Reminiscent of Tibetan salt mandalas, his beautiful work stretches across gallery floors. Sometimes his complex forms have the tendency to evoke visual labyrinths. Other times, they can resemble patterns of hurricanes and ocean currents.

So, why the salt?

In ancient Japan, salt was considered so important because of how time-consuming the process was to make it. Today, it is still integrated into their traditions, customs and rituals and is often used as an offering to the gods. Salt is also considered a symbol of purification.

When people die in Japan, salt is handed out to people at the end of a funeral so that they can sprinkle it on themselves to keep evil at bay.
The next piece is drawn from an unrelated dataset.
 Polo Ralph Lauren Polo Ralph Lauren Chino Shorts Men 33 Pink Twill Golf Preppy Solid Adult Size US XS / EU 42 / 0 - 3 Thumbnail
By filling up a bottle, one that is usually used for machine oil, with white salt, Yamamoto sprinkles it upon the floor to create these elaborate works of art. Sometimes, he works on his projects for more than 14 hours a day and most of them take more than two weeks to complete.

This is what Yamamoto told the Japan Times: “I draw with a wish that, through each line, I am led to a memory of my sister. That is always at the bottom of my work. Each cell-like part, to me, is a memory of her that I call up, like a tiff I had with her over a pudding cake she took from the fridge. My wish is to put such tiny episodes together.”

In his hands, the salt is a reminder of how temporary life can be, while also commemorating the passage of time.